In a perfect world hosts are suposed to look after IP alocations, after all there are only so many combinations.

The expense of purchasing IP addresses is suposed to be enough of a deterent to prevent people getting IP's just for the sake of it.

AFAIK, there is no policy, official or otherwise, against one site = one IP.

IP allocations are supposed to be justified. But really what is dicouraged is allocating IPs that won't be used.

"Uh, I want 1,000 (or 10,000, or 1,000,000) IPs because I think that's how many I'm going to need next year."

No.

Not unless you can show a history of that kind of need.

If you look in the small print at ARIN (the agency in charge of IP allocations in the Americas and Sub-Saharan Africa) I think you'll find there's even a policy for taking-back IPs.

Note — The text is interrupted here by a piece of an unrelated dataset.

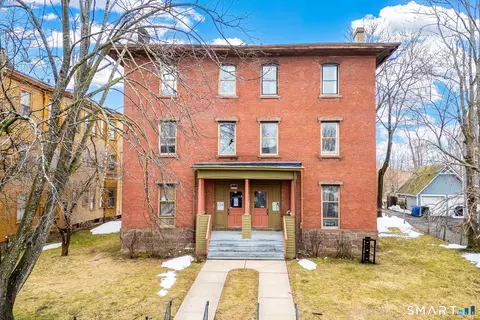 36-38 Capen St #2B, Hartford, CT 06120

But the criteria is that they have gone unused.

FWIW, my (VPS) hosting provider charges $2 per IP, one-time (no monthly fee). So this need not be horribly expensive. I have one IP for every site. I do combine alias domains for the same site on one IP.

If for some reason you want to support HTTP <1.1 browsers, and want redirects to the primary site to be handled properly, it takes 2 IPs per site. (One for the primary, one for all aliases.) After looking at the browser stats, I decided that was overkill.

Here's one negative to having a unique IP address: you will be subjected to a higher volume of attacks. Some atackers scan through a list of domain names, others through blocks of IP addresses. Those that go through blocks of IP addresses will only go to the first site (usually a dummy) on a virtual host.